* **About this task**
The word to look for is "Cotton". Report every line of the entries below that has it.

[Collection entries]
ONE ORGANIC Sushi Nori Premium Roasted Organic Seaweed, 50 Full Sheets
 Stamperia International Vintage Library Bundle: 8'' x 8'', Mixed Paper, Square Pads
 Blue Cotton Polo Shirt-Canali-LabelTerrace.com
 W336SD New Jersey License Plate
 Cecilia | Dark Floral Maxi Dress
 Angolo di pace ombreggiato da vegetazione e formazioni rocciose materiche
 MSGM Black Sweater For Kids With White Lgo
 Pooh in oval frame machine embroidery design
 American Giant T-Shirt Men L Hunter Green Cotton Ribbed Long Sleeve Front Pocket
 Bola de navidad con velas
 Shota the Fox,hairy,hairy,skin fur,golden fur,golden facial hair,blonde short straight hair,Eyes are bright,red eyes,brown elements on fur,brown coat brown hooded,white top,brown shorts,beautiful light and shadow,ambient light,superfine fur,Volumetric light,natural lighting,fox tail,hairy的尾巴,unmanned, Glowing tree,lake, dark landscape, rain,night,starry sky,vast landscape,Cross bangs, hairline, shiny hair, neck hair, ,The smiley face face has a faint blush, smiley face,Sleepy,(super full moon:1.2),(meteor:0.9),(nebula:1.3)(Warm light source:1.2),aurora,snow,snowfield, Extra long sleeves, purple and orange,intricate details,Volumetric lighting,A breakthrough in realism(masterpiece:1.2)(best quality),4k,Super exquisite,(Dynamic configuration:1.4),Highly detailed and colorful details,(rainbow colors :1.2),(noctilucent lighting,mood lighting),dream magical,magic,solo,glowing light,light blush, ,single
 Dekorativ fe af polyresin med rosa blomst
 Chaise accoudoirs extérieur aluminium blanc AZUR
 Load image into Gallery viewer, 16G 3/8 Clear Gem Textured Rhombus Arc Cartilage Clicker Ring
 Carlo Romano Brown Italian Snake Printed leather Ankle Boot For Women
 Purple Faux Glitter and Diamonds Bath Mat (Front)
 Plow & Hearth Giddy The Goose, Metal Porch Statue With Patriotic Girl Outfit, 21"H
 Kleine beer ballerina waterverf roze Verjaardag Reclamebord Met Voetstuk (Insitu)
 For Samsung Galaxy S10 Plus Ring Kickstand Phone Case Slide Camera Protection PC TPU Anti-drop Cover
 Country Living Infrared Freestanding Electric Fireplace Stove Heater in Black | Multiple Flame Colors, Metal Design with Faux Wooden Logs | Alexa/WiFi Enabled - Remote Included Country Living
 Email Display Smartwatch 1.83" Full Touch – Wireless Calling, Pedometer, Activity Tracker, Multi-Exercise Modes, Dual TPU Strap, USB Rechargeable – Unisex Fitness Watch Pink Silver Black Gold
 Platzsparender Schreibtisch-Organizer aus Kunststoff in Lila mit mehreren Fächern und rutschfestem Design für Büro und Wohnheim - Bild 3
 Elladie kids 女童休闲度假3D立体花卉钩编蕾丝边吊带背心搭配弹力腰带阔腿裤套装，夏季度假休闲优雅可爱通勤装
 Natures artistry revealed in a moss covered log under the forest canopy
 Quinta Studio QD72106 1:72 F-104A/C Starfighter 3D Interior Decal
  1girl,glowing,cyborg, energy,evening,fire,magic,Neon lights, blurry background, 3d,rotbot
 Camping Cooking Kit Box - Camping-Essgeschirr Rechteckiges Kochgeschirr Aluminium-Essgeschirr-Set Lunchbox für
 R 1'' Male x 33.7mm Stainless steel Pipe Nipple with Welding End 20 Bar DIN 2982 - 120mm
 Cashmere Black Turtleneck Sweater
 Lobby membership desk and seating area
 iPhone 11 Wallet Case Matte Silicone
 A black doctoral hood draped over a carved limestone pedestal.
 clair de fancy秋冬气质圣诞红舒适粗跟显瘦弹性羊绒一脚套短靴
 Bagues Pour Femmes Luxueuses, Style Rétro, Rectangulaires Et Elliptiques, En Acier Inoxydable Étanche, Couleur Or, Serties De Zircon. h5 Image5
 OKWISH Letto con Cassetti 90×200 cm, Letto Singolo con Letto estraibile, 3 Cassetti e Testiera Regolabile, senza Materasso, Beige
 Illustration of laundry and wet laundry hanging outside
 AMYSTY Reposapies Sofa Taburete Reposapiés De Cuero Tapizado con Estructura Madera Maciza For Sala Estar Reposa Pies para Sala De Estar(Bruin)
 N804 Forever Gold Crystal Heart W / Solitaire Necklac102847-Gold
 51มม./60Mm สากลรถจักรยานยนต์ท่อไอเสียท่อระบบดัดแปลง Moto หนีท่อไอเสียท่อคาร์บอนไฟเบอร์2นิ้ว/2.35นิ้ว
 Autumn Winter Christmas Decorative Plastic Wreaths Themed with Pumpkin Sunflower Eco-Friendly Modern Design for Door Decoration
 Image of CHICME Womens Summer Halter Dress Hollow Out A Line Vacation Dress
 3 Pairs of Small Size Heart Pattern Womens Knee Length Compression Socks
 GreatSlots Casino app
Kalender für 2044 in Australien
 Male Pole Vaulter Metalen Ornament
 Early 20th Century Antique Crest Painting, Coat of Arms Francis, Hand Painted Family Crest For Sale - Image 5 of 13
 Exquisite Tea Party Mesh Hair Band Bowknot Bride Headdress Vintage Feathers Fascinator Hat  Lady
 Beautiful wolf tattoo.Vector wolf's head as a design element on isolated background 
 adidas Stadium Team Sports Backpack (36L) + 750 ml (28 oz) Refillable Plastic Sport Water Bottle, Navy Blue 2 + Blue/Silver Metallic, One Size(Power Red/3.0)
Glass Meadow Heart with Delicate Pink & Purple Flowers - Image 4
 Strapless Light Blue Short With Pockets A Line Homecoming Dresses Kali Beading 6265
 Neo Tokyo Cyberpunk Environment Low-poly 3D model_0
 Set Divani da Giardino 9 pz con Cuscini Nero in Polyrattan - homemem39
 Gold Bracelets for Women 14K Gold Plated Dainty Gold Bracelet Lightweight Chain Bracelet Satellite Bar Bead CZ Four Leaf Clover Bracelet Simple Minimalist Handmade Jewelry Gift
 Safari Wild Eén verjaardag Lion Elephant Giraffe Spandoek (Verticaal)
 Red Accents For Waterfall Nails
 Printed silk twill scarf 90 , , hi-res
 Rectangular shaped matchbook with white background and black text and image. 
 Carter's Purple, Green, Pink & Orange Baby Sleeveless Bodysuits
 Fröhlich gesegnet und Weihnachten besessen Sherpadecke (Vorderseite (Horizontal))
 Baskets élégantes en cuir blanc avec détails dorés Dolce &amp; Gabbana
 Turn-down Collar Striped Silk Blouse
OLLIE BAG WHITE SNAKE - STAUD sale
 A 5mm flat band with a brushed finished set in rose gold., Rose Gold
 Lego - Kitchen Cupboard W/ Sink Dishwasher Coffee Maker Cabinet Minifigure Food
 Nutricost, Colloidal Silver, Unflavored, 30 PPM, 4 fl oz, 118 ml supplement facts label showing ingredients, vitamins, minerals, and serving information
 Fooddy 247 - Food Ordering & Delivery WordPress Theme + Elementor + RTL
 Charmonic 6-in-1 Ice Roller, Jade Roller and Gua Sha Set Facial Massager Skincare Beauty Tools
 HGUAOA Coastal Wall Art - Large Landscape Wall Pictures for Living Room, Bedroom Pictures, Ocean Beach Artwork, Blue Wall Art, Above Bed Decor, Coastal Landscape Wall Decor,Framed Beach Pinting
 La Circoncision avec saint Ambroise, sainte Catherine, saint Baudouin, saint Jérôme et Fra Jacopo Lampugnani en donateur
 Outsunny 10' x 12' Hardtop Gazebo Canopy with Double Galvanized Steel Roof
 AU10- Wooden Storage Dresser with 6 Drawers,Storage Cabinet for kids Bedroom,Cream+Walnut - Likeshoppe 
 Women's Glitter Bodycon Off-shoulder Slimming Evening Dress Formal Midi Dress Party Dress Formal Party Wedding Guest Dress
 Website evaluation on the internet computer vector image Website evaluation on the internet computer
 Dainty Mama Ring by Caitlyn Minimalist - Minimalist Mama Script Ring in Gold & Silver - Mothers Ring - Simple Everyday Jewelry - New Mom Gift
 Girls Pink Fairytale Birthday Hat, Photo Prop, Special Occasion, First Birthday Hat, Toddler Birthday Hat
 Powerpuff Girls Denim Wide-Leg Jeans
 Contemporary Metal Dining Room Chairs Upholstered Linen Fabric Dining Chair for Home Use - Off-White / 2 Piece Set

* **Problem solution**
 Blue Cotton Polo Shirt-Canali-LabelTerrace.com
 American Giant T-Shirt Men L Hunter Green Cotton Ribbed Long Sleeve Front Pocket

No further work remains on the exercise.